Andrew Young Maya Angelou
Andrew Young (Photo by Ben Rose/Getty Images for Grey Goose) and Maya Angelou (AP Photo/Gerald Herbert, File)

Civil rights icon Andrew Young has paid tribute to his close personal friend Maya Angelou, who died at the age of 86 early Wednesday morning.

Young, who met Dr. Angelou in 1961 when they both worked for Dr. Martin Luther King, said the legacy of his old companion will last forever.

“People like Maya Angelou don’t die,” Young said. “They just float on to heaven, and their spirit and their words live with us always. We have kids as young as five and six learning her poems and twelve-year-olds reciting her work. She will always be with us.”

Young said what charmed him most was Angelou’s warmth and uplifting personality.

“She laughed and cried easily, but she was never sad,” he said. “She’d lived a very rough life growing up, but she had a song in her heart all the time and always a smile on her face and a real loud laugh.”
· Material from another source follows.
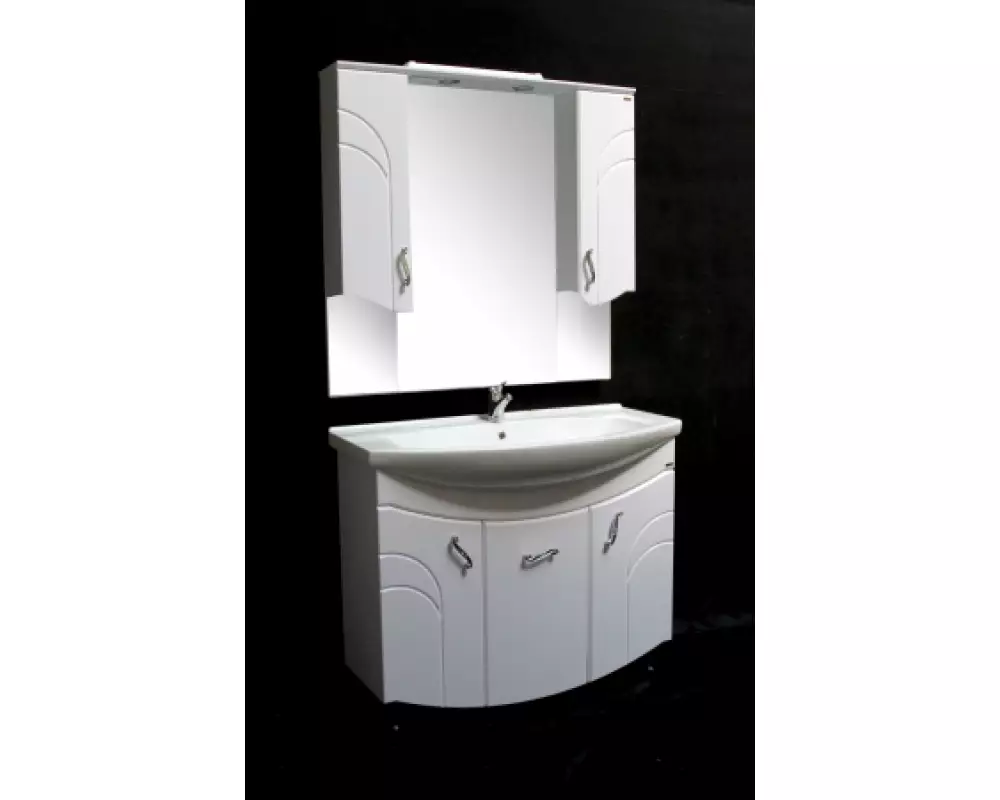 Комплект мебели«Сицилия-Элеганс» 1050 (тумба, умывальник ,шкаф зеркальный,колонна)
He recalls one of his fondest memories was Angelou’s 50th birthday.

“She was a magnificent dancer, a former professional dancer, and I’m a left-footed, two- footed preacher,” he said. “She dragged me out on the dance floor and she made me dance.”

Young said he spoke to Angelou’s doctors earlier this week about her increasing frailty. The literary genius had been struggling with health problems in recent weeks and had canceled an appearance in Houston, Texas, slated for May 30.

“She was on breathing apparatus, and she was getting short of breath,” he said. “Her body was frail, and it was getting harder for her to breathe, so she slipped away in a very peaceful way.”

The legendary author and poet died at her home in Winston-Salem, North Carolina.

“My family has known her for over 30 years, and she’s been like an aunt or a grandmother to me and she’s like a sister to my mother,” said Tonya Williams, 51, Andrew Young’s niece. “My mother and aunty Maya were very very close.”

Williams, alongside her mother, Sonjia Young, 71, was a main organizer of an inaugural women’s conference held in Atlanta in March, where Angelou appeared as a keynote speaker. The conference was one of her last public appearances.

“We knew that she was not in excellent health when my mother met her about the conference, but Aunty Maya was insistent that she wanted to come and she wanted to support us in this conference,” Williams said. “So she came and was magnificent. She was so giving and so loving and so wonderful. She spoke for longer than we even anticipated or expected her to speak, very gracious and very open.”

Former television producer Sidmel Estes met Angelou several times when she appeared as a guest on her Atlanta morning show.

“Maya Angelou was one of the most gracious and elegant guests we ever hosted on Good Day Atlanta,” Estes said. “Her voice will be missed.”

Angelou had been in poor health in recent years, but she continued to maintain a demanding schedule of lectures and speaking engagements up and down the country.

Just days before the Atlanta conference, theGrio.com was one the last media outlets to interview Angelou. She spoke about the importance of elders passing on wisdom.

“We are all teachers, whether we know it or not,” Angelou said. “I used to think I was a writer who could teach, but I’ve found in the last 15 years I am a teacher who can write.”